▶ _SUPPLIED INFORMATION_
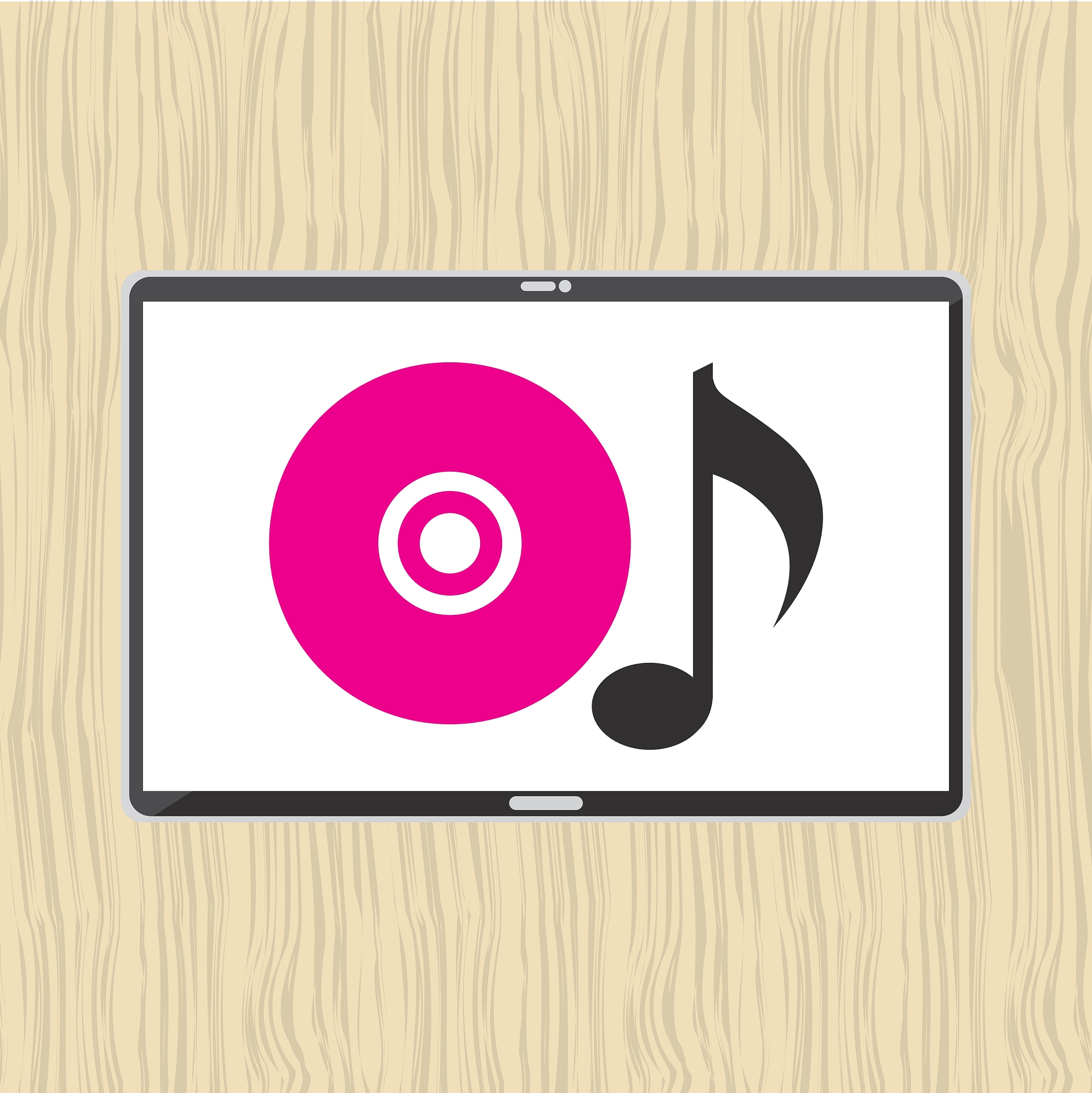 mobile audio design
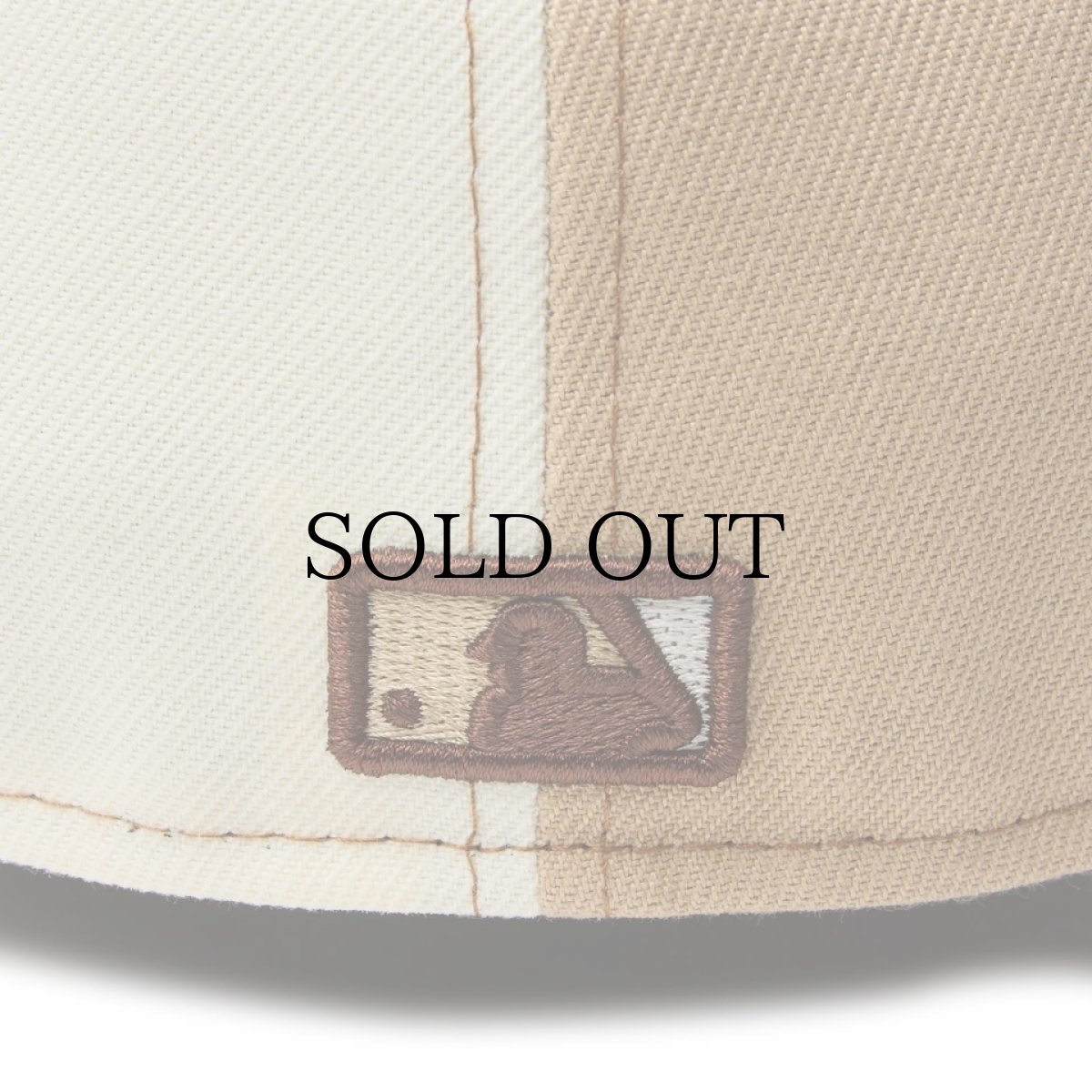 画像7: NEW ERA / 59FIFTY Pancakes シカゴ・ホワイトソックス (7)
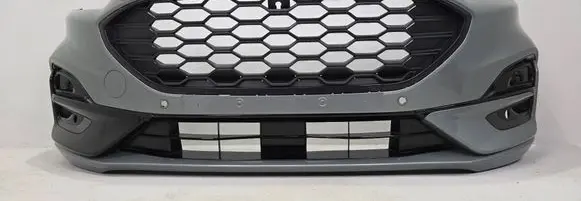 Ford Kuga III Front bumper LV4B17F003 LV4B17D957H MK76126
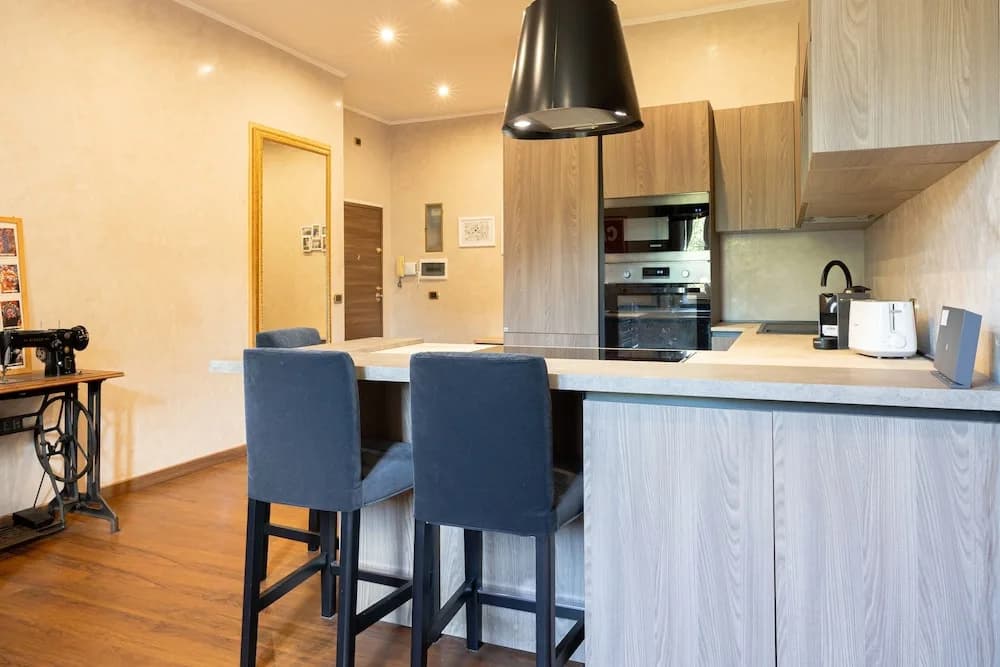 Caffarella Suite - photo 17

▶ _WORK ORDER_
All that belongs in the answer is the exact run of lines from the line containing "画像7: NEW ERA" to the end of the listing above, pictures removed.

▶ _TASK ANSWER_
 画像7: NEW ERA / 59FIFTY Pancakes シカゴ・ホワイトソックス (7)
 Ford Kuga III Front bumper LV4B17F003 LV4B17D957H MK76126
 Caffarella Suite - photo 17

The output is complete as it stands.